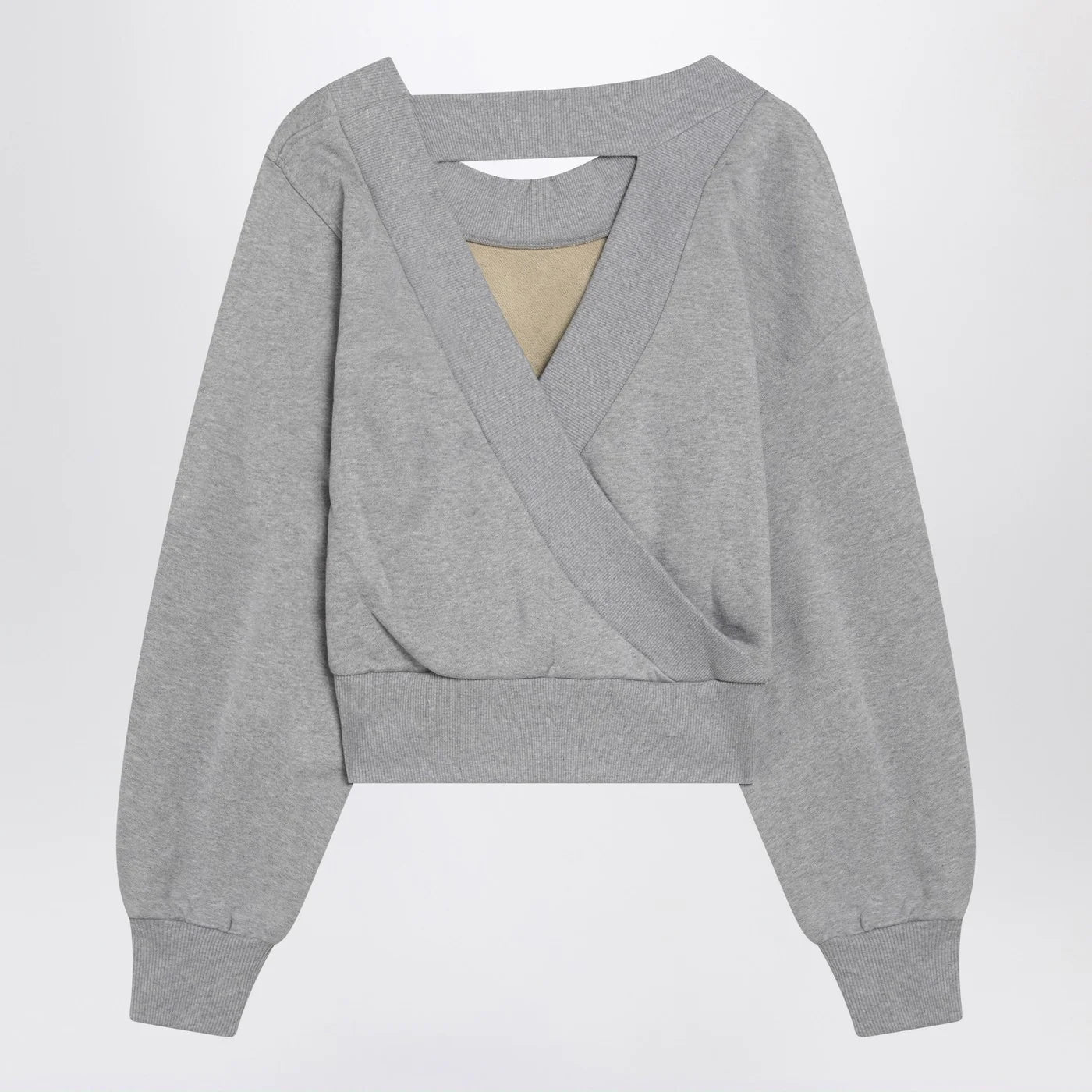 The Attico Gray mélange/beige sweatshirt with cut out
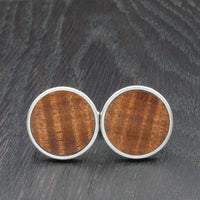 Wooden Cufflinks-Natural Organic Round Blackwood- Wood with Stainless Steel -Australian Native Wood -Handmade Men Jewellery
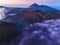 Amazing Mount Bromo volcano during sunrise from king kong viewpoint on Mountain Penanjakan in Bromo Tengger Semeru National Park,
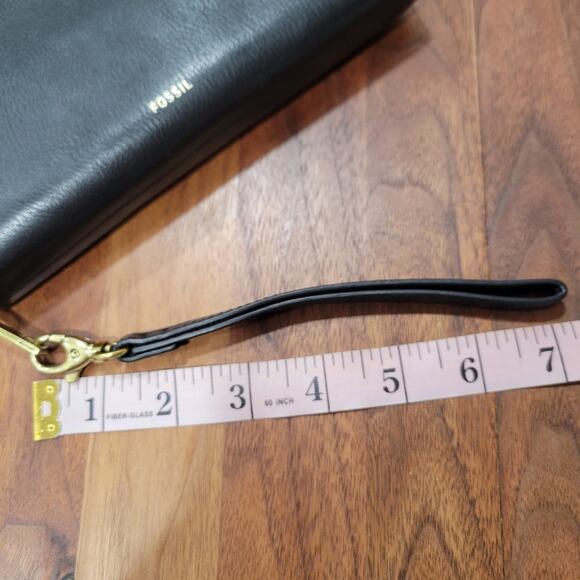 Fossil Zip Wristlet Wallet Leather Card Slots Coin Pouch - Picture 12 of 12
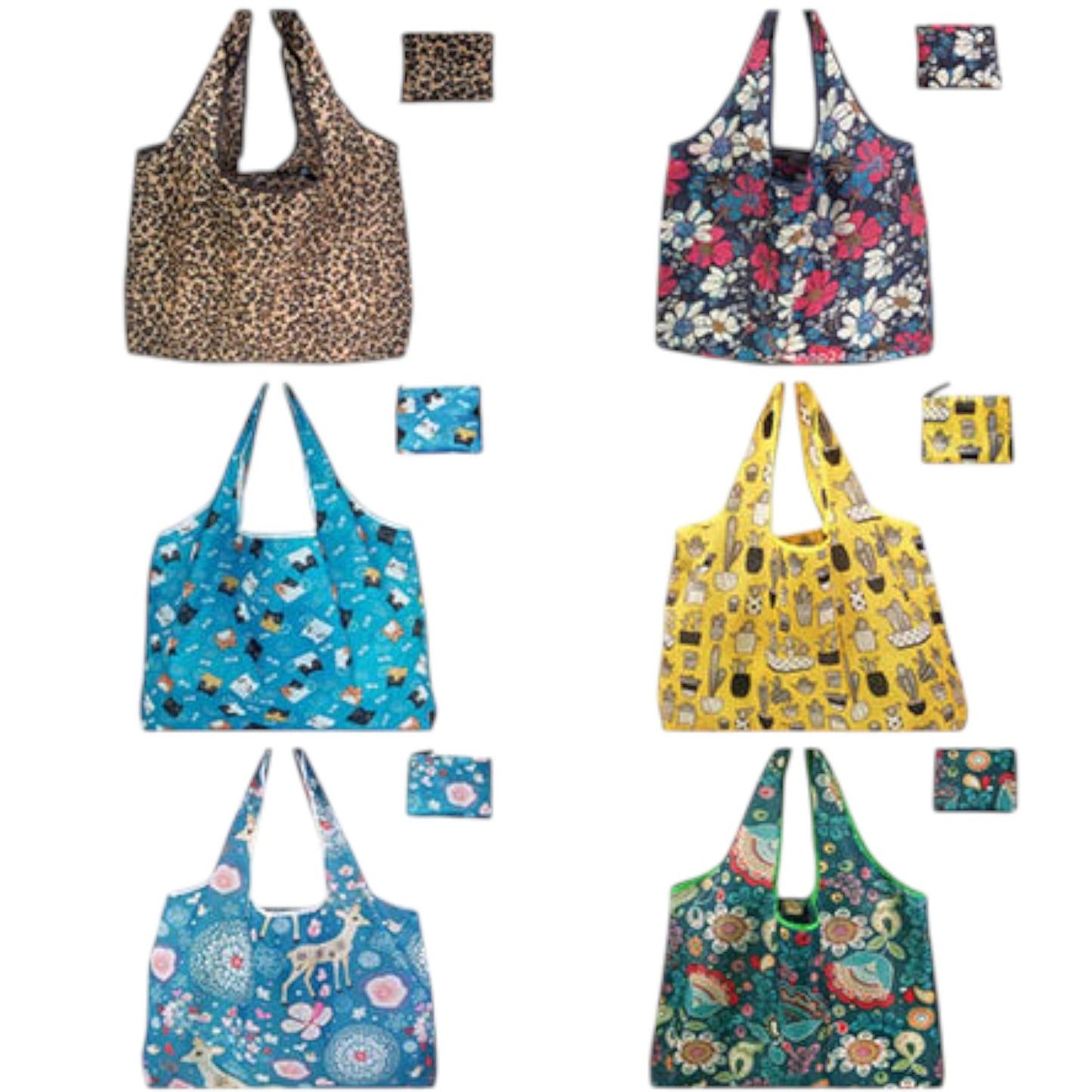 Large Foldable Tote Nylon Reusable Grocery Bags 12Pack JB6228-1 (12PC)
__________
--- EXERCISE DESCRIPTION ---
Could you retype the whole listing word for word, minus its pictures?

--- YOUR RESPONSE ---
 The Attico Gray mélange/beige sweatshirt with cut out
 Wooden Cufflinks-Natural Organic Round Blackwood- Wood with Stainless Steel -Australian Native Wood -Handmade Men Jewellery
 Amazing Mount Bromo volcano during sunrise from king kong viewpoint on Mountain Penanjakan in Bromo Tengger Semeru National Park,
 Fossil Zip Wristlet Wallet Leather Card Slots Coin Pouch - Picture 12 of 12
 Large Foldable Tote Nylon Reusable Grocery Bags 12Pack JB6228-1 (12PC)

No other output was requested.